Weliswaar heeft de kantonrechter tijdens de mondelinge behandeling met de dochters, de rechthebbende was afwezig, afgesproken dat de kosten van de deskundige door de rechthebbende zullen worden betaald indien het rapport van de deskundige leidt tot onderbewindstelling, maar niet valt in te zien dat deze afspraak de rechthebbende kan binden. Dit neemt niet weg dat er kosten zijn gemaakt voor het onderzoek en dat het onderzoek bijdraagt aan de besluitvorming in het voorliggende verzoek.

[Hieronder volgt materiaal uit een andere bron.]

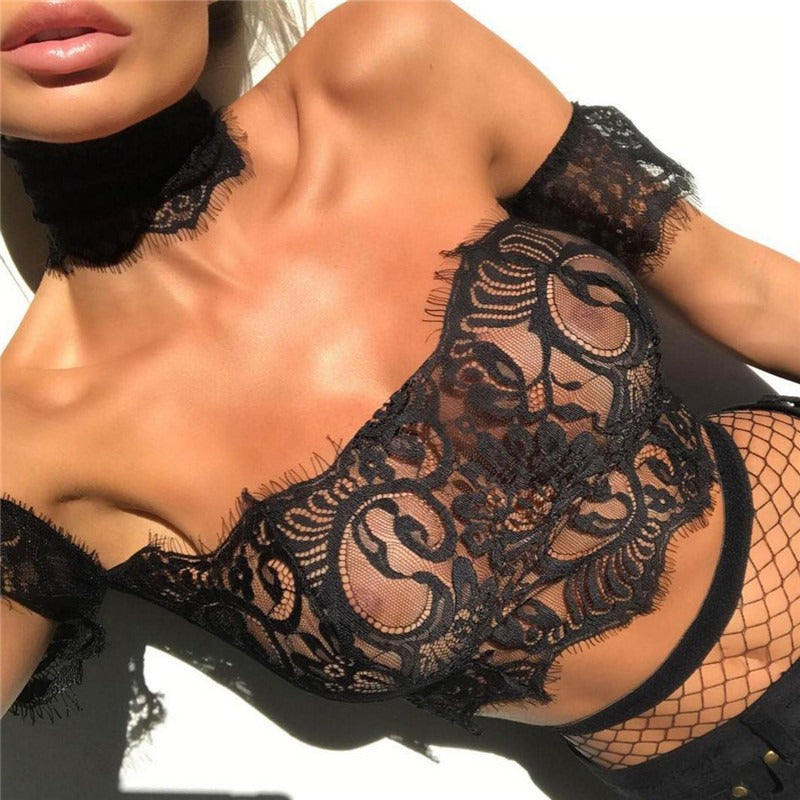 Sexy Lace Off-Shoulder Bra with Sheer Design and Short Sleeves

In dat licht bezien heeft de kantonrechter de kosten van het deskundigenonderzoek derhalve terecht voor rekening van de rechthebbende laten komen.
4.5.
Op grond van het voorgaande zal het hof de beschikking waarvan beroep vernietigen, doch uitsluitend ten aanzien van de benoeming van [de bewindvoerder] als bewindvoerder en [betrokkene 1] benoemen als opvolgend bewindvoerder.

5.De beslissing

Het hof:
vernietigt met ingang van 2 april 2024 de beschikking van de rechtbank Zeeland-West-Brabant, zittingsplaats Middelburg, van 7 augustus 2023, voor zover daarbij [de bewindvoerder] B.V. als bewindvoerder is benoemd;
en in zoverre opnieuw rechtdoende:
verleent met ingang van 2 april 2024, aan [de bewindvoerder] B.V. ontslag als bewindvoerder over de goederen van
[de rechthebbende], geboren te [geboorteplaats] op [geboortedatum] 1957;
bepaalt dat de bewindvoerder binnen twee maanden na de datum van deze uitspraak de eindrekening en -verantwoording aflegt aan de rechthebbende en de opvolgend bewindvoerder en een - zo mogelijk door hen voor akkoord ondertekend - exemplaar ervan aan het Bewindsbureau van de rechtbank Zeeland-West-Brabant, zittingsplaats Middelburg, overlegt;
benoemt met ingang van 2 april 2024
[betrokkene 1], wonende te [woonplaats betrokkene 1] , gemeente [gemeente] , tot opvolgend bewindvoerder;
verklaart deze beschikking tot zover uitvoerbaar bij voorraad;
bekrachtigt de beschikking waarvan beroep voor het overige.
Deze beschikking is gegeven door mrs. C.N.M. Antens, E.P. de Beij en M.A. Stammes en is op 21 maart 2024 uitgesproken in het openbaar door mr. E.M.D.M. van der Linden in tegenwoordigheid van de griffier.